*TO DO:*
Needed from the data below: every line from the one with "Трехместный (Трехместный номер" up to and including the one with "2245 SW 16th Place, Boca Raton, FL 33486", repeated exactly and with nothing else.

** Opening RECORDS SUPPLIED block **

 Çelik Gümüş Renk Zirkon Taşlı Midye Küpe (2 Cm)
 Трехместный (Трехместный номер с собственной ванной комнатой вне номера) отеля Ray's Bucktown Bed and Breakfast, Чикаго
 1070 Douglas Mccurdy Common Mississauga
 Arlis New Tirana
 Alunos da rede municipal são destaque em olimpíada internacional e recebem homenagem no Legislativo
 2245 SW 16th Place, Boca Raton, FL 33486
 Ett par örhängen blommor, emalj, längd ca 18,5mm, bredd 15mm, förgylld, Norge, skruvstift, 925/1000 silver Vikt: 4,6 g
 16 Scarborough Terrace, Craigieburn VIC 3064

** Closing RECORDS SUPPLIED block **
** Opening RECORDS SUPPLIED block **

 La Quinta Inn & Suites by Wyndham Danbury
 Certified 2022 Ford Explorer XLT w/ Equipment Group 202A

** Closing RECORDS SUPPLIED block **

*RESPONSE TO THE EXERCISE:*
 Трехместный (Трехместный номер с собственной ванной комнатой вне номера) отеля Ray's Bucktown Bed and Breakfast, Чикаго
 1070 Douglas Mccurdy Common Mississauga
 Arlis New Tirana
 Alunos da rede municipal são destaque em olimpíada internacional e recebem homenagem no Legislativo
 2245 SW 16th Place, Boca Raton, FL 33486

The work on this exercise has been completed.